[Given information]
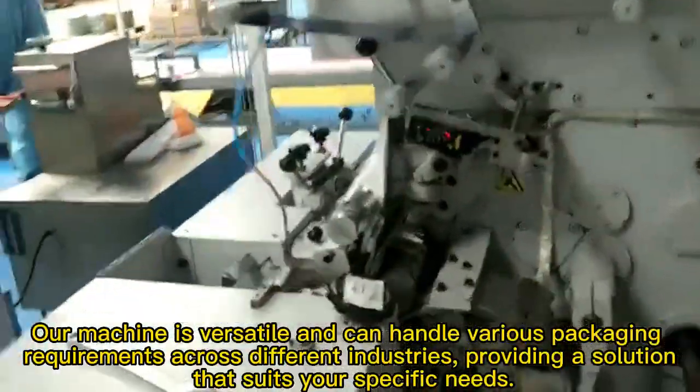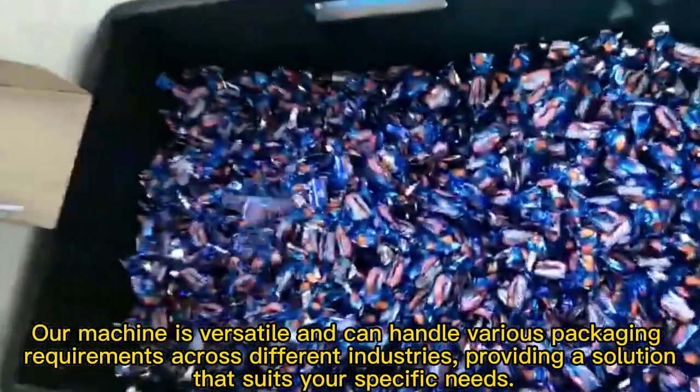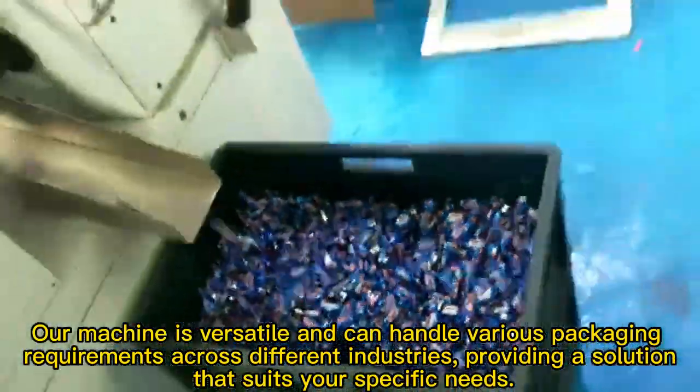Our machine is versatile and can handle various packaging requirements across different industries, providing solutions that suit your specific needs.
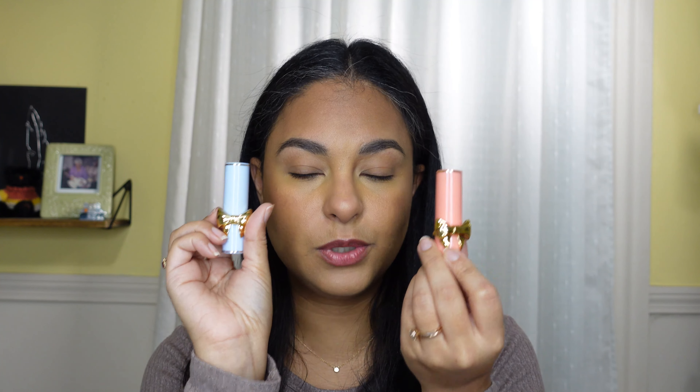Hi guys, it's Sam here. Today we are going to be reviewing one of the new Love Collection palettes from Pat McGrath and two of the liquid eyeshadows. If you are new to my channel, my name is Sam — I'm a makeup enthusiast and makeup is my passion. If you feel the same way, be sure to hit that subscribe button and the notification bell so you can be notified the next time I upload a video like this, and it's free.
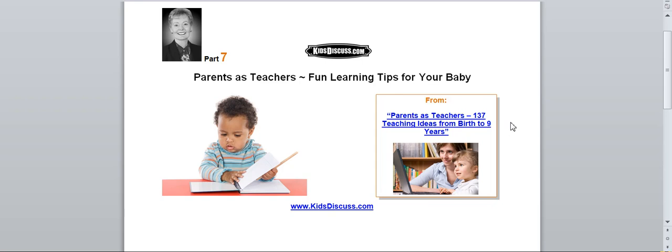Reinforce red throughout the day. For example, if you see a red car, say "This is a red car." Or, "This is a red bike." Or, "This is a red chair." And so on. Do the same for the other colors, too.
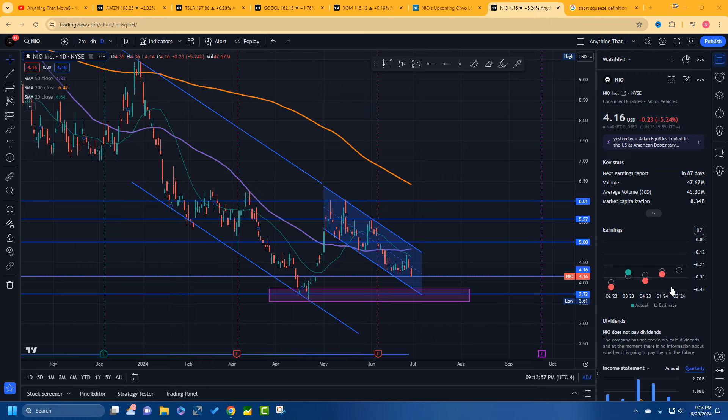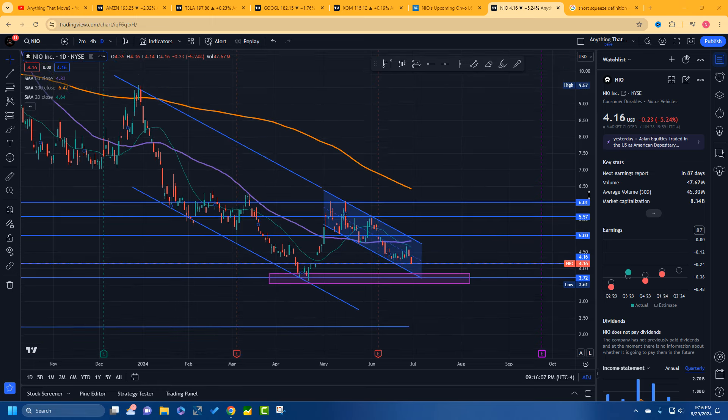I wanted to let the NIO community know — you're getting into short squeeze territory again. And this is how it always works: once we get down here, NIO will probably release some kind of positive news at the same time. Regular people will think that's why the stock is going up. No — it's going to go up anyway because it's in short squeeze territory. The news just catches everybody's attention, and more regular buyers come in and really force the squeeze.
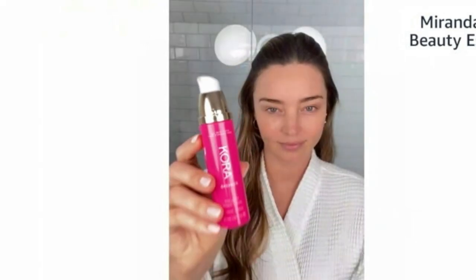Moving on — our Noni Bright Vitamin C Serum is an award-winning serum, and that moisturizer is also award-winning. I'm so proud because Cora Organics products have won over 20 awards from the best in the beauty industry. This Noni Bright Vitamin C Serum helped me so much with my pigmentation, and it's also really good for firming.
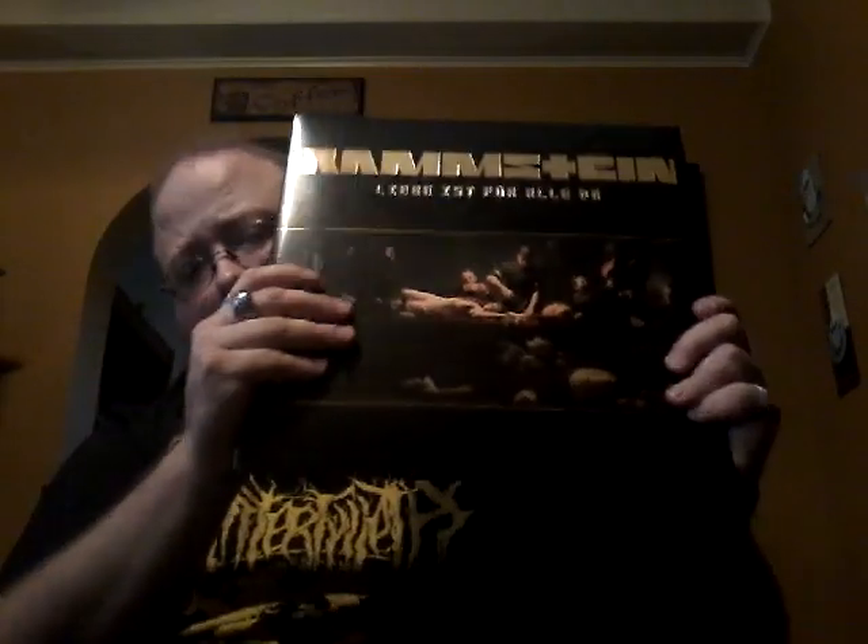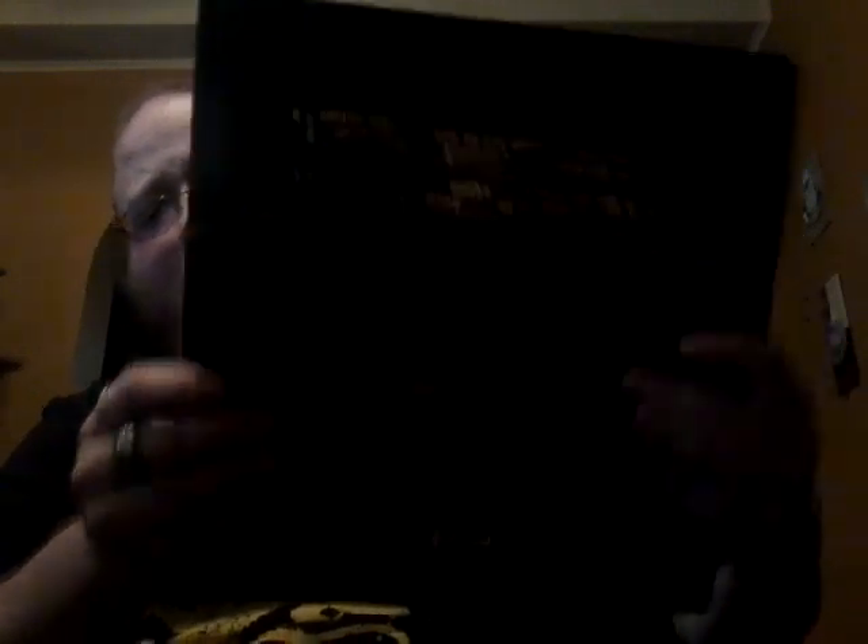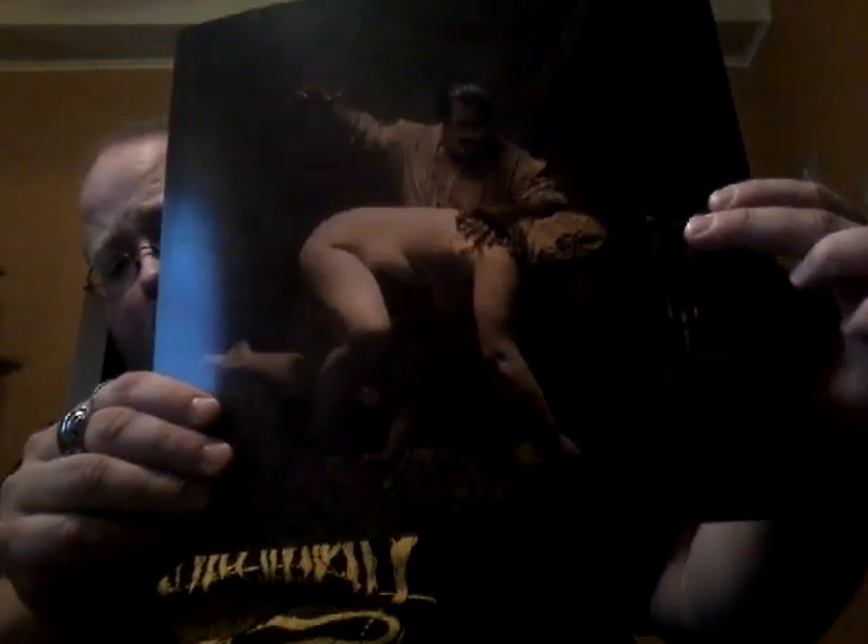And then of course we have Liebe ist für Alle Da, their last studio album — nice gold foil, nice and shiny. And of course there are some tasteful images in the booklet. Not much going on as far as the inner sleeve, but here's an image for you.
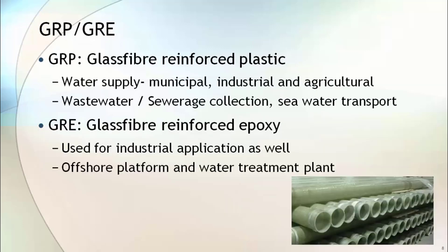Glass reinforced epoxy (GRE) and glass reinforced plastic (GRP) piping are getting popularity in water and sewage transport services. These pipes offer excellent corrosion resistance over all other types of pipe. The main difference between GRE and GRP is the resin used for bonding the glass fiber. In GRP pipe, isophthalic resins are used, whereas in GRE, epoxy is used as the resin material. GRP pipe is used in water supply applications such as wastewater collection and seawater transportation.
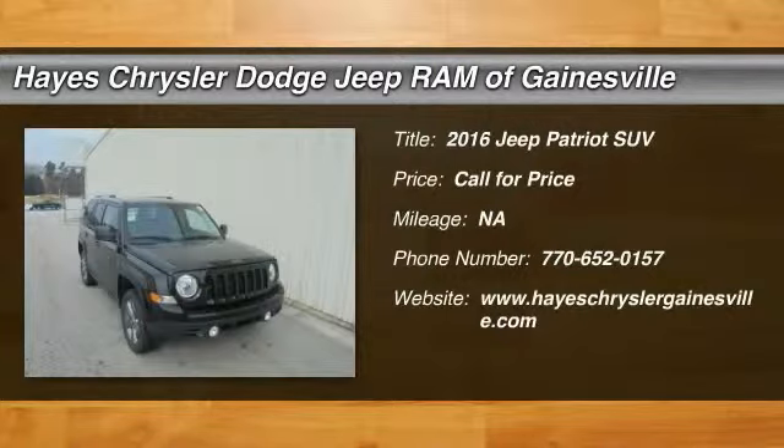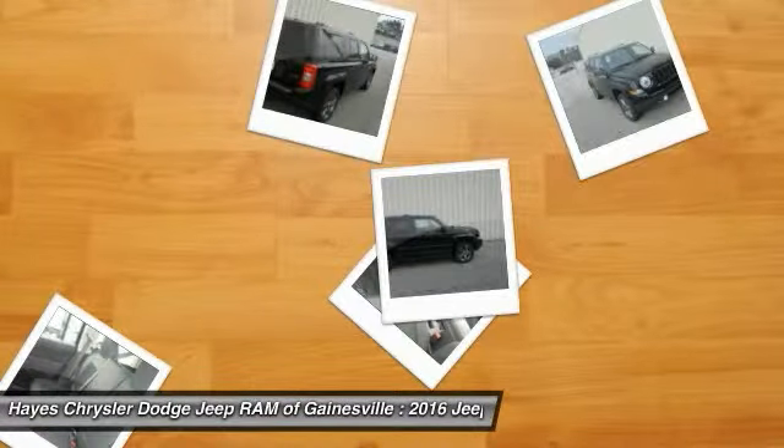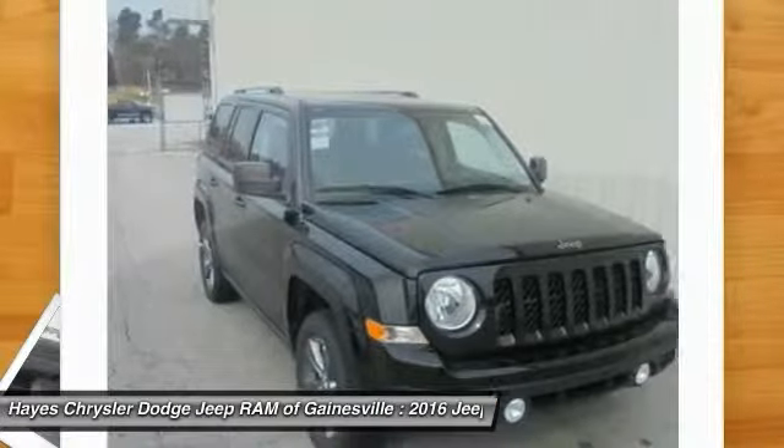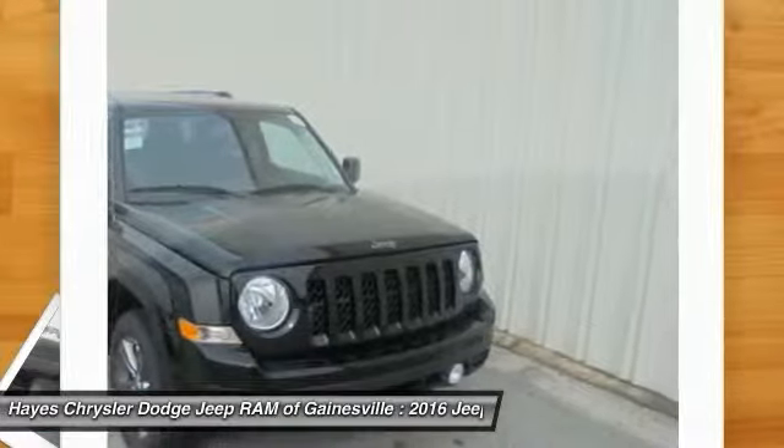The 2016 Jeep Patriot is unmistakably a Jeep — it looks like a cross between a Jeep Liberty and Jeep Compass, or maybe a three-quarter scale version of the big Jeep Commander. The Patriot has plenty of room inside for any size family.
[/Given information]
Repeat only the stretch of data above that runs from the line with "Reinforce red throughout" to the line with "Glass reinforced epoxy". Keep both end lines; exclude pictures.

*Response box*
Reinforce red throughout the day. For example, if you see a red car, say "This is a red car." Or, "This is a red bike." Or, "This is a red chair." And so on. Do the same for the other colors, too.
I wanted to let the NIO community know — you're getting into short squeeze territory again. And this is how it always works: once we get down here, NIO will probably release some kind of positive news at the same time. Regular people will think that's why the stock is going up. No — it's going to go up anyway because it's in short squeeze territory. The news just catches everybody's attention, and more regular buyers come in and really force the squeeze.
Moving on — our Noni Bright Vitamin C Serum is an award-winning serum, and that moisturizer is also award-winning. I'm so proud because Cora Organics products have won over 20 awards from the best in the beauty industry. This Noni Bright Vitamin C Serum helped me so much with my pigmentation, and it's also really good for firming.
And then of course we have Liebe ist für Alle Da, their last studio album — nice gold foil, nice and shiny. And of course there are some tasteful images in the booklet. Not much going on as far as the inner sleeve, but here's an image for you.
Glass reinforced epoxy (GRE) and glass reinforced plastic (GRP) piping are getting popularity in water and sewage transport services. These pipes offer excellent corrosion resistance over all other types of pipe. The main difference between GRE and GRP is the resin used for bonding the glass fiber. In GRP pipe, isophthalic resins are used, whereas in GRE, epoxy is used as the resin material. GRP pipe is used in water supply applications such as wastewater collection and seawater transportation.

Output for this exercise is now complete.